Startup. Un termine che nel settore dei servizi, poi diventa di dominio pubblico. Un’impresa in piccolo, pensata per intercettare un bisogno preciso, nuovo e da soddisfare o già presente ma da assolvere in modo innovativo. In un mercato come il nostro, in cui cose come la creatività, la rapidità e la capacità di pensare fuori dalle righe acquistano sempre più peso, il fenomeno startup va ritagliandosi una fetta di gradimento tanto ampia da essere ormai riconosciuto anche a livello governativo. Un tempo c’era il solo decreto legge 18 ottobre 2012 n° 179, che però contemplava solo le startup “innovative” (come se non ne esistessero altre). E’ di questo maggio, ancora, la sigla di un nuovo decreto che caldeggia incentivi fiscali per investimenti in startup e PMI, con detrazioni che arrivano al 30% per chi investe in questo business.

E il Paese non è rimasto a guardare. 397milioni di euro hanno preso questa via nei soli primi sei mesi del 2019. 43 round ed operazioni di crowdfunding per 24milioni. Rispetto allo stesso periodo dello scorso anno, le stime parlano di +70%. Se aggiungiamo il maxi-fondo da 1miliardo di euro stanziato a febbraio dal governo, tutto fa credere che il 2019 si concluderà con finanziamenti a dir poco notevoli. L’Italia, dunque, oltre che sui suoi poeti, artisti, eroi e quant’altro, può contare anche su un popolo di creativi. Ma come si crea una startup? Da dove iniziare ad immaginarla? Ovviamente, dal fiuto. Intercettare un bisogno, come dicevamo più sopra. E poi, sviluppando un’organizzazione che, a differenza di altre più “pesanti” attività imprenditoriali, sia scalabile, cioè capace di aumentare progressivamente i clienti (e, di conseguenza, il volume d’affari) senza un impiego di risorse proporzionale.

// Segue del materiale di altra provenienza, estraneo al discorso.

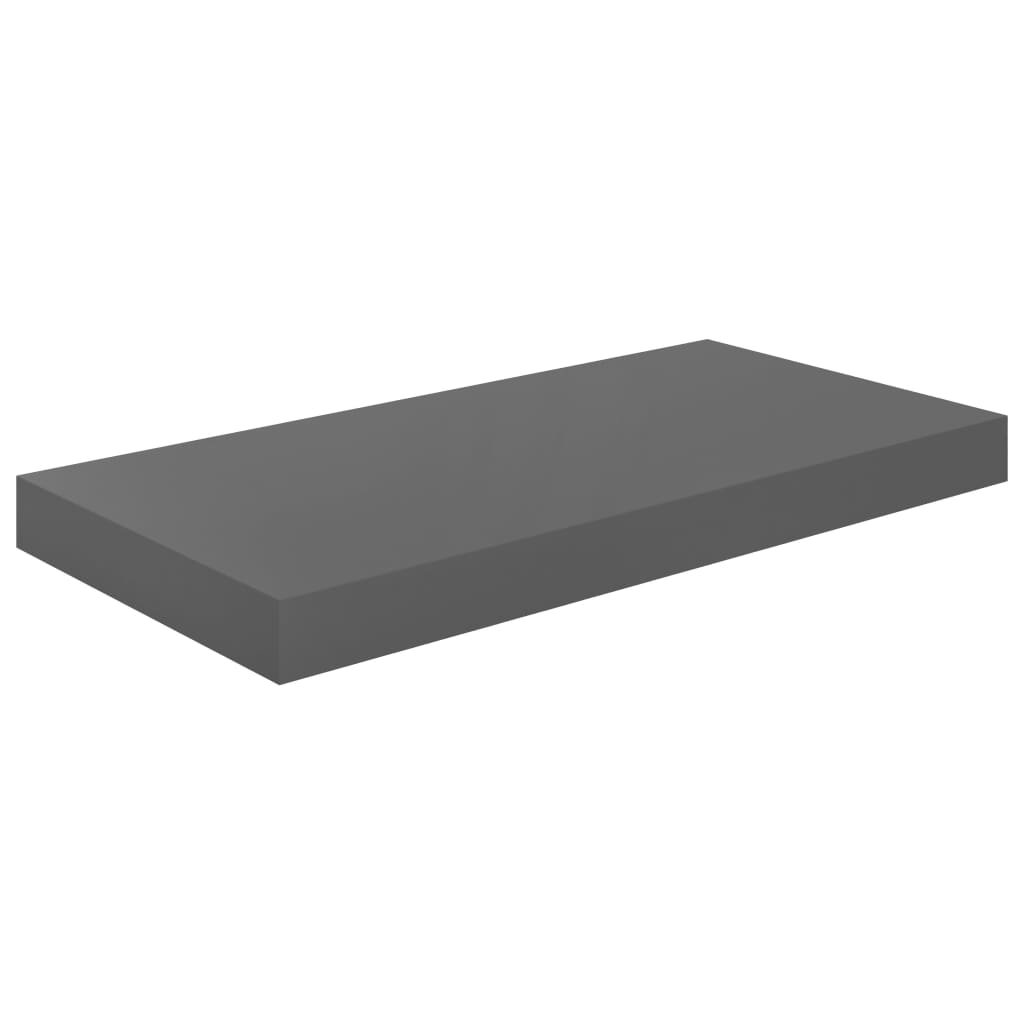 Floating shelf high-gloss grey 50x23x3.8 cm MDF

Ancora: una startup che si rispetti deve basarsi su un modello ripetibile. Deve cioè potersi “clonare”, adattandosi a luoghi e condizioni diverse restando identico o, al massimo, apportando modifiche minimali. Parola del “guru” Steve Blank, imprenditore della Silicon Valley e promotore, insieme ad Eric Ries, del metodo Lean Startup. Restiamo in California con la classificazione che Mind the Bridge, fondazione, acceleratore e fondo di investimento allo stesso tempo, ha proposto dopo aver osservato i creativi del nostro Paese. L’Italia degli innovatori partorisce secondo MtB tre tipologie di startup ben precise. In primo luogo, techno startup (o startup di prima generazione): 20% del totale, ideate da giovani neolaureati o addirittura studenti senza esperienze d’impresa, ma con ottime skills tecniche ed informatiche. Un modo per entrare nel mondo del lavoro per i professionisti del domani.

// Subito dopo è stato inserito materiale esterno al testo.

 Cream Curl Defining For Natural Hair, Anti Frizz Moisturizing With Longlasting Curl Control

La fetta più consistente (50%) dei creativi italiani ricorre però a startup figlie della crisi, popolate da ex dipendenti di aziende in possesso di buona esperienza del mercato del lavoro ma non altrettanto buona dose di imprenditorialità. Un modo per rimettere in gioco se stessi e dare una spinta alla propria employability. Da ultimo, il residuale 30% del totale spetta alle cosiddette startup scalabili, che sono invece promosse da imprenditori con background più solido, come tali in grado di reperire fondi ed unirsi a loro pari, co-founder con competenze complementari che meglio riescono a coprire la necessità di expertise manageriale, da un lato, e tecnica, dall’altro. Proprio per questo, a giudizio di MtB, a queste ultime si attribuiscono maggiori probabilità di successo. E voi, che startupper siete?